*WORK INSTRUCTION*
For this exercise, please return exactly the line containing "キャアリー(Caary)&n" and each line after it through the end of the records, with no pictures included.

INFORMATION START

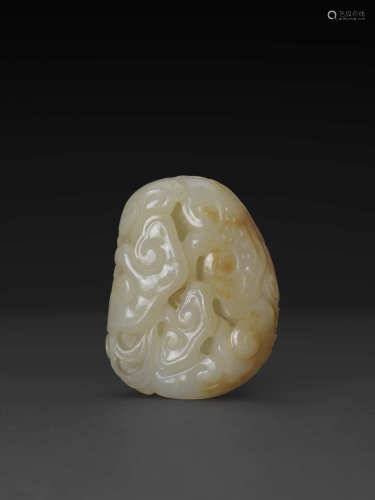 白玉帶沁福壽紋掛墜 WHITE JADE FUSHOU PENDANT WITH MARKINGS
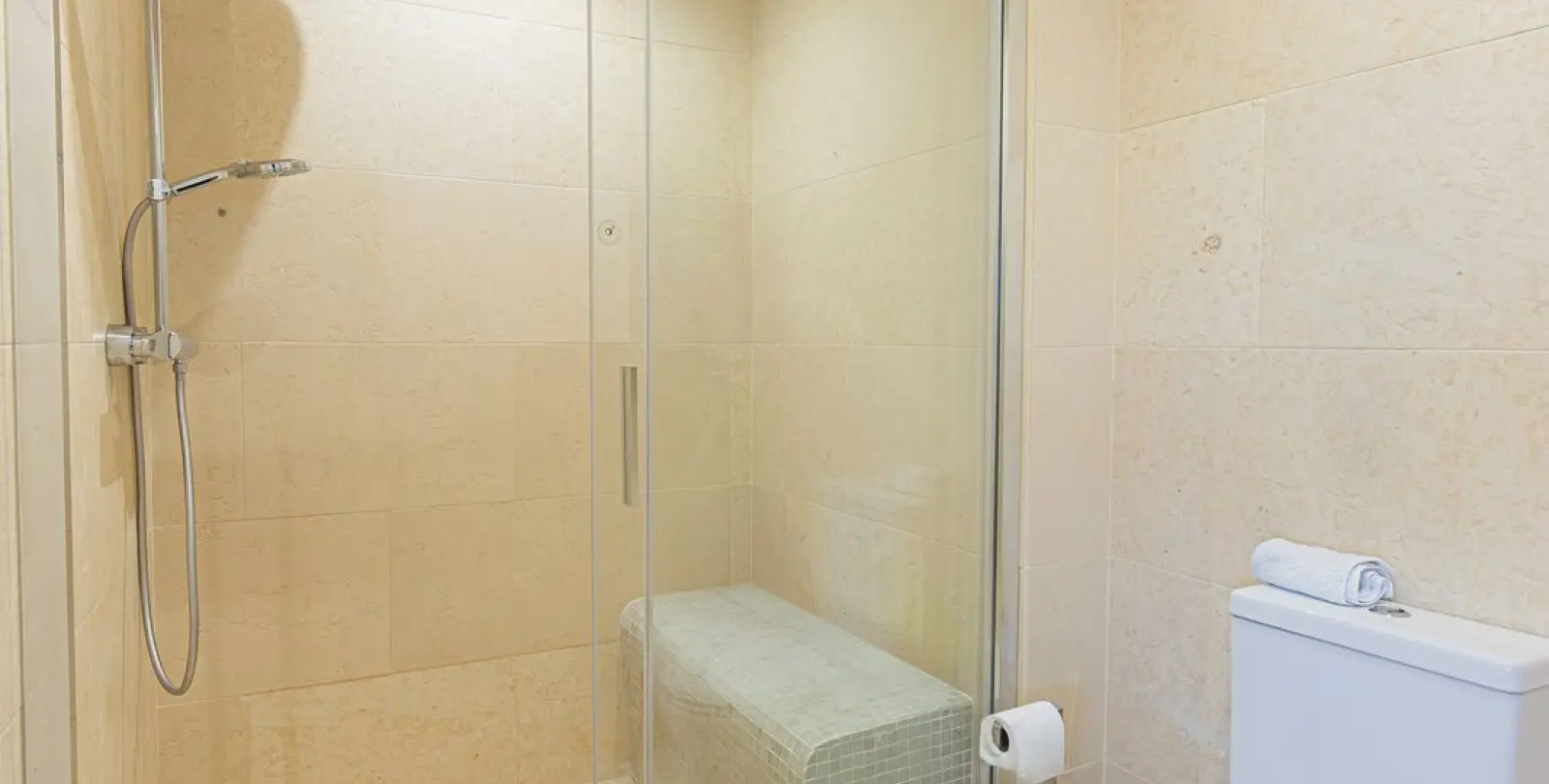 Venta de ático dúplex en Nueva Andalucía 30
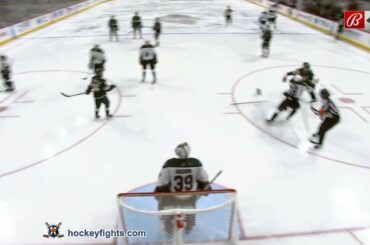 Liam O'Brien vs Marcus Foligno Nov 27, 2022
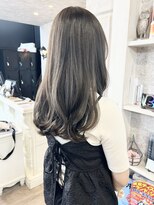 キャアリー(Caary)&nbsp;福山Caary透明感グレージュ寒色カラーオリーブ赤み除去艶ロング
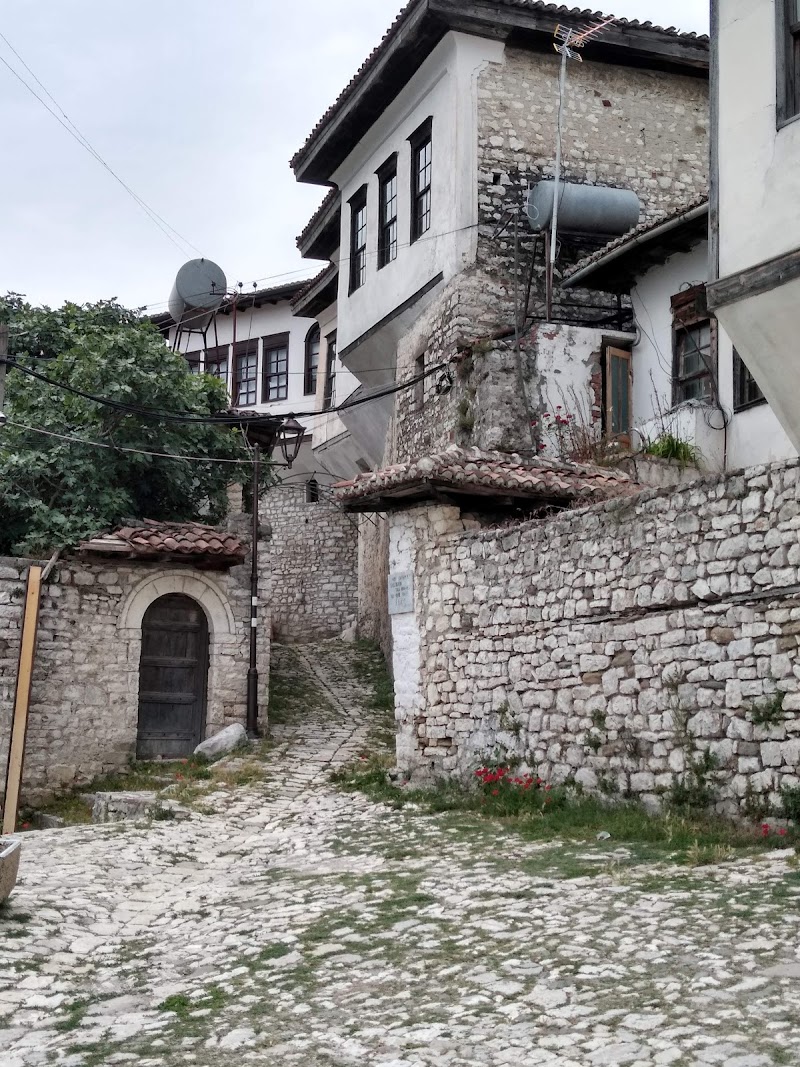 Old Town Berat - Old Town Berat, PW4X+8XV Old Town, Rruga Kol Myzeqari, Berat 5001, Albania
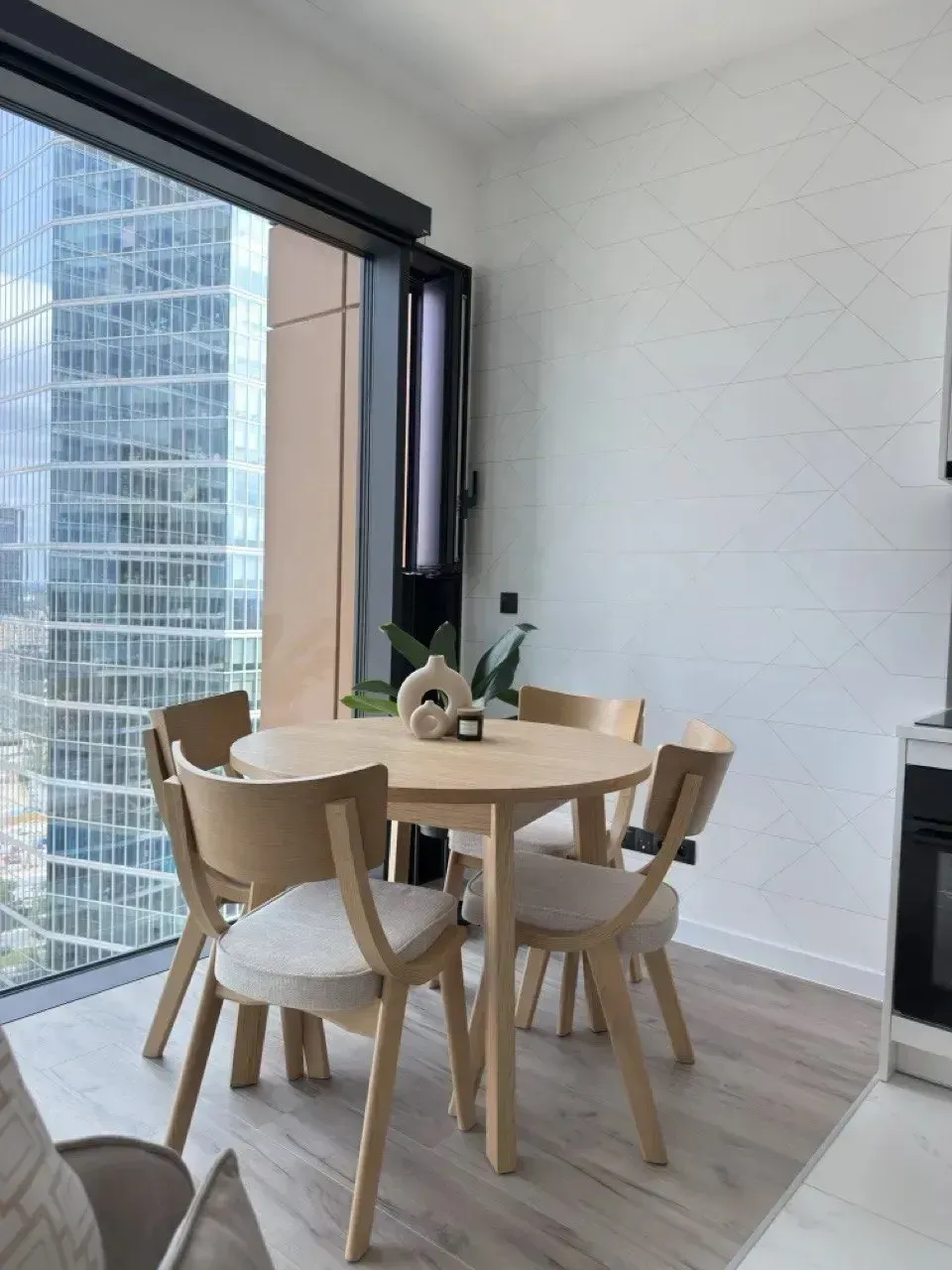 Apartamenty w kompleksie Towarowa Towers. 3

INFORMATION END

*OUTPUT FOR THIS TASK*
 キャアリー(Caary)&nbsp;福山Caary透明感グレージュ寒色カラーオリーブ赤み除去艶ロング
 Old Town Berat - Old Town Berat, PW4X+8XV Old Town, Rruga Kol Myzeqari, Berat 5001, Albania
 Apartamenty w kompleksie Towarowa Towers. 3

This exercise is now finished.